The Clayton IPS delivery output provides complete transparency in terms of the projections and assumptions used to derive the prices; this transparency documents the model assumptions for audit purposes (prepayment speeds (CPR); default rates (CDR); loss severity, discount rates, etc.), and supports issues and questions regarding impairment, liquidity (and marketability) factors, projected principal write-downs, and loss forecasts. 

In sum, Clayton IPS' pricing processes incorporate a blend of market and credit research, internal and external pricing models, and expert judgment to determine and verify the correct set of performance assumptions that drive an asset’s cash flow and ultimate fair market value.
       
      


Differentiation Through Proactive Pricing
In today’s environment, one of the biggest issues facing an asset manager is transparency to their direct investors and to their auditors – realistic, on-the-run assurances of essential asset value.
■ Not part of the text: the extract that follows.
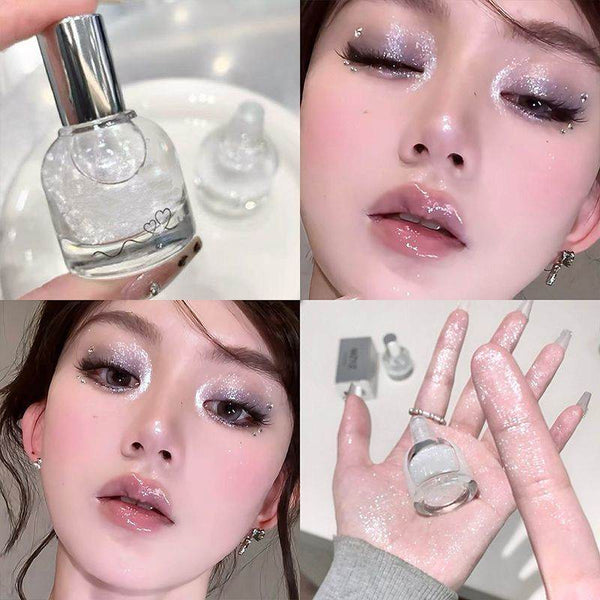 Keke Mood Body Glitter/ Highlighter - Douyin Shop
Clayton IPS gives access to this critical information:
  • What level of losses are projected to occur over the near-, intermediate- and full-term of the asset?
  • Are prepayment speeds in line with the assumptions used at the time the asset was purchased?
  • How have the loss severities worsened over time, and what will the impact be?
  • What does the application of these assumptions mean in terms of a cash-flow driven value?
The Clayton IPS pricing output answers these questions and more.
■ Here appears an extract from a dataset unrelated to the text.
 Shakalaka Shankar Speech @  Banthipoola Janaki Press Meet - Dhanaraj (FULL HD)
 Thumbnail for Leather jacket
How Does the Process Work?
  • Whether performing valuation or verification work, the Clayton IPS team assesses the merits and shortcomings of each security with rigorous care – it’s as if IPS is evaluating every asset for its own investment:
       - The process captures collateral and structural performance for each individual security being valued, as well as the
         current market and credit considerations that will impact price
       - The process strikes a balance between fundamental collateral analysis and technical evaluation of market
         observable inputs from a wide variety of market participants
  • The foundation of what we do is to build separate projections (vectors) for each of the underlying assumptions that will impact the expected future cash flows of every security we value
  • These assumptions include:
  -   Defaults
-   Loss severity
-   Prepayments
-   Cumulative loss estimates
-   Trigger assumptions
We do this to determine what the expected cash flows for a given deal will be and use INTEX as our evaluation tool
  • We don't perform a matrix-based pricing approach: each asset is analyzed based on its individually projected performance, risk characteristics and proper market color
  • In sum, the process strikes a balance between fundamental collateral analysis and technical evaluation of market observable inputs from a wide variety of market participants
Where Do the Assumptions Come From?
  • A diverse set of inputs are used to determine the most suitable underlying assumptions for use in the pricing model:
    -   Each day IPS receives Dealer-prepared research and market color (the synthetic and cash markets, inventories, bid
        lists and live trades, and various MBS spread and analytic reports)
    -   Additionally, we maintain a regular dialogue with our clients to gain clarity about the expectations they have for
        their assets (both performance and value)
    -   And most importantly, IPS draws detailed insight from Clayton's proprietary surveillance database (as credit risk
        manager for over $2.2 trillion of loan level data in MBS deals)
  • All of this data is then blended with IPS’ own understanding of a given security’s collateral make-up, historical performance, and changing characteristics to select the right set of terms for developing the assumptions
  • After building the projected curves, we apply an appropriate discount rate (given where the asset lies in the capital structure, risk characteristics and applicable market indications) to then calculate the security’s fair market value

What Products Does IPS Price?
  • Standard Valuation Products include:  
      -   RMBS
    -   ABS
    -   CMBS
    -   Credit default swaps
    -   Secured corporate debt
    -   Structured debt transactions
    While 80%+ of what we do is RMBS-related, other specific asset types that we can value include: aircraft and equipment leases, European SME (small-to-medium enterprise) bonds; European MBS; Equities (warrants and options); and non-performing whole loan pools (calculation of net proceeds through liquidation)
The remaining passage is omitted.